Major Mandisa Mfeka is the first South African female pilot in the South African army and she only became popularly known to South Africans when her name was mentioned at President Cyril Ramaphosa’s inauguration this year.
This young inspiring rock was born in Ntuzuma, north of Durban in KwaZulu-Natal. With both her parents being teachers, she grew up in a family that is academically orientated and a spirit of love and academics was passed down to her and her siblings. Mandisa, who fell in love with flying at age of five, said “My mother and my grandmother used to take us to Virginia Airport to enjoy the air show however we would only sit outside and my mother would park her car there because we couldn’t afford entrance tickets.” In that way she never met or came across any pilot.
Her parents separated when she was only seven years old and from that age Mandisa learnt there is nothing like gender bias because her mother played both roles of father and mother in her life. The same applied with her father, “My father would clean, cook and wash our clothes and that basically taught us self discipline and not to feel that because you are a girl or my brother being a boy therefore we have limitations on ourselves based on gender.”

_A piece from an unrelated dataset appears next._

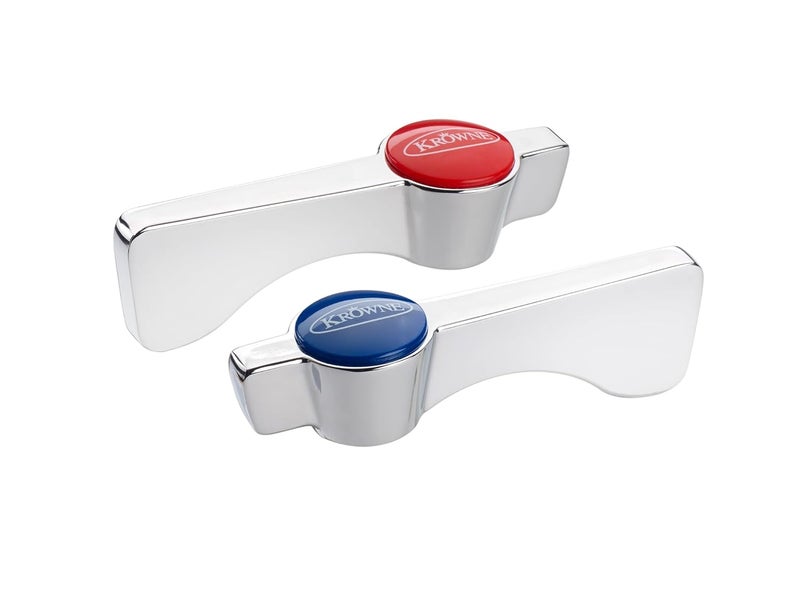 Krowne Royal Series 21306 HeavyDuty Faucet Lever with ColorCoded Hot and Cold Indicator Replacement Accessory for Commercial Kitchen Sink Restaurant Food Preparation  2 Screws 2 Handles  Chrome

She only discovered that she can become a pilot when she was 16 years old, and this was when she started making her research in careers about maths and science. She came across an advertisement by the South African Air Force looking for pilots and decided to give it a try.
“I decided to apply and send reports to the South African Air Force telling them about myself and that I would like to be part of the air force. They eventually responded with application documents that I had to fill and I did exactly that and attached my CV to them. I got a response and Major Sergeant Jojwana communicated with me and she was the one who told me that basic Military training would be tough but that was preparation to meet the physical criteria of becoming a pilot.”
Mandisa adds that when she matriculated she went straight to the air force and started with her basic military training in 2008, the following year she did a year in the military academy which was basically ground school. In 2011 she got her wings and chose to be a combat pilot because she wanted to grow and become an aviation specialist. Mandisa is currently at Air force Makhado where she flies the Hawk Mark 120.
Her job comes with a lot of advantages, like being tasked to fly in events like Freedom Day Celebrations, Presidential Inaugurations and State Funerals; however it also comes with its disadvantages like being moved to different places in a short period of time. Despite this, she continues in the path she chose to be in the air force.
The young female combat pilot says that she would love to get more women to join the air force too.